For the car sales dataset, we ran the experiment across all cross-validation training samples. Each cross-validation has a set of interactions discovered by SHAP. To avoid overfitting, we will consider only those interactions which are present across all cross-validations. We shortlisted 374 interactions that were present in all 5 cross-validation samples and where the SHAP value was greater than or equal to 0.1. Also, SHAP values for the 374 features were obtained by averaging across 5 cross-validations. By looking at the interactions discovered by SHAP, we can infer that it was able to detect interaction only amongst higher-order features. Figure 5.2.1a is the plot for the bottom 5 interactions.

 

Figure 5.2.1a Bottom 5 interactions

Higher-order features for fuel and owner have the lowest degree of interaction effect. For fuel, count encoding of different categories is a numerical variable. It has a weak interaction with the mean encoding for dependent variable for the owner feature. The rest of the bottom 5 interaction effects are amongst higher order features and none of these are original features.

Now let s understand the top 5 interaction effects in figure 5.2.1b.

Figure 5.2.1b Top 5 interactions

Label encoding of 2 features namely torque and Above90 have the highest degree of interaction effect. Since both the features are categorical, we can do a simple concatenation between the two features to obtain an interaction effect feature. For the rest of the interactions in the top 5, all the features are label-encoded feature of a categorical feature. For such interaction between categorical encoded features and other higher-order features, we can simply perform concatenation between two features to obtain interaction effect feature.

5.2.2    Coupon Recommendation

Now let s look at the coupon recommendation dataset. The interaction was detected amongst higher order encoded features of categorical features. Although the magnitude of the interaction effect is small, there were 6 interaction effects detected in this dataset. These interaction effects were present across all cross-validation samples. These are shown in figure 5.2.2.

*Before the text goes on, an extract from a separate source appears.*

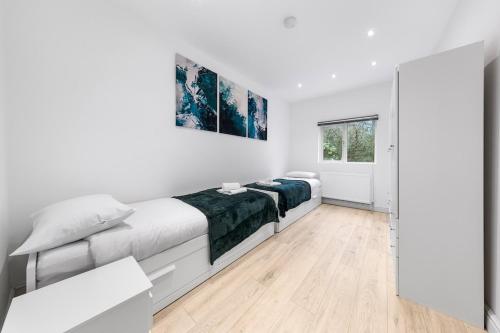 a white bedroom with two beds and a mirror at Purple Reignz - 3BR - close to LDN in Brent Station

Figure 5.2.2 Interactions detected for coupon recommendation dataset

The smallest degree of interaction was detected between label encoding feature for bar, and label encoding for the type of coupon. Both features are numerical. For the rest of the detected interactions, at least one feature is label-encoded features of a categorical feature, while the other feature is a count or mean encoded feature. The only way to create interaction feature between these two types of features is by creating dummy variables of the label encoded feature and multiply it with the numerical feature.

The next step will be to create new categorical or numerical features from these features. For newly created categorical features, these can't be used directly. To be able to use these features, we will need to further create higher order features from these categorical interaction effect features.

For the rest of the datasets, the feature matrix is huge. It is computationally very expensive to detect interaction effects through SHAP. Also, most of the features are higher order features for either date of check-in, revenue, and booking patterns. Hence, there is a chance that very few interaction effects could be detected which are meaningful and could be explained to laymen.